- Genre: Comedy Drama
- Created by: Biswapati Sarkar Sameer Saxena
- Written by: Akshay Asthana; Biswapati Sarkar; Nupur Pai; Tatsat Pandey;
- Directed by: Himank Gaur
- Starring: Kay Kay Menon; Archana Puran Singh; Naveen Kasturia; Abhimanyu Singh;
- Music by: Sunny M. R.
- Country of origin: India
- Original language: Hindi
- No. of seasons: 1
- No. of episodes: 7

Production
- Producers: Sameer Saxena Saurabh Khanna Amit Golani Biswaspati Sarkar
- Cinematography: Shaz Mohammed
- Editor: Harshit Sharma
- Running time: 30–42 minutes
- Production company: Posham Pa Pictures

Original release
- Network: Amazon Prime Video
- Release: 24 July 2026

= Adarsh Baal Vidyalaya =

Adarsh Baal Vidyalaya is a 2026 Hindi-language comedy-drama television series created by Biswapati Sarkar and Sameer Saxena.
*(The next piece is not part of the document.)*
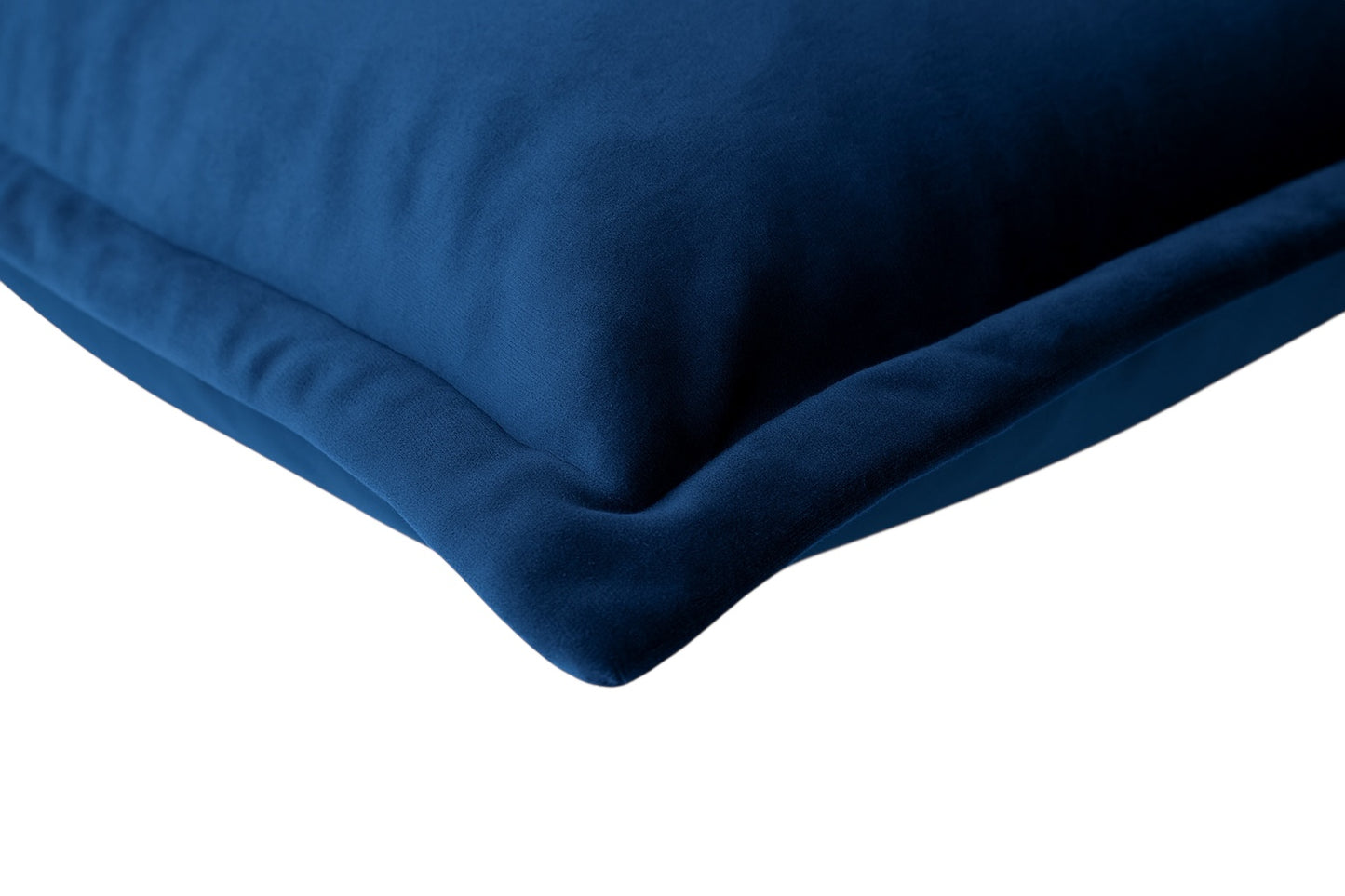 Navy Blue Oxford Velvet Cushion Classic Luxury with Contrast Panel Detailing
It stars Kay Kay Menon, Archana Puran Singh, Naveen Kasturia, Abhimanyu Singh, and Prasanna Bisht in key roles.

== Cast ==
- Kay Kay Menon as Headmaster Gyaneswar Tripathy
- Prachi Shah as Sushma, Tripathy's wife
- Archana Puran Singh as Urmila Devi
- Naveen Kasturia as Mukul Dengla
- Abhimanyu Singh as Hansraj Meena
- Deven Bhojani as Goldy Randhawa
- Hussain Dalal as Karan Bindra
- Prasanna Bisht as Kanchan Ma'am
- Ajitesh Gupta as Shiney Saluja
- Annapurna Soni as Sharma Ma'am
- Kabir Sajjid as Gopal
- Akshara Padwal as Palak
- Ashwanth Ashokkumar as Kamal Kanth Kuttan "K3 Ji"
- Vijay Kumar Dogra as Kedia
- Kiran Deep Sharma as Ganga Devi
- Virendra Pundyal as Uppal
- Nagengdra Pratap Singh as Sikhri Sahab
- Yatendra Bahuguna as Ghatora Sir
- Jared Albert Savaille as Bhanu
- Aryan Prajapati as Purav Jha
- Ishaan Kesarwani as Nandlal
- Nabiya Ansari as Purva Jha
- Hanisha Gehlot as Nishtha
- Tishya Kansal as Gunjan
- Harshraj Lucky as Ravinder
- Arav Singh Rajput as Pushkar
- Narigara Jewel as Raghunath
- Abiral Limboo as Naren
- Biswapati Sarkar as Amit Mukhi
- Sameer Saxena as D.E.O.

== Release ==
The series premiered on 24 July 2026 at Amazon Prime Video.

== Critical reception ==

The Indian Express reviewer Shubhra Gupta wrote "it’s even more ironic that for a show which wants to do the right thing – picking up topics which are relevant and timely — it goes about it in such an overstated manner." Rediff.com reviewer Deepa Gahlot awarded 3 stars and wrote "It is an underdog story, which has the pragmatism to understand that there is no magic wand that will bring about overnight change." The Hindu reviewer Shreyas Pande opined "There is an acute disinterest in engaging further, thereby creating the illusion of addressing real issues as the caricatures end up building an alternate meaningless realm."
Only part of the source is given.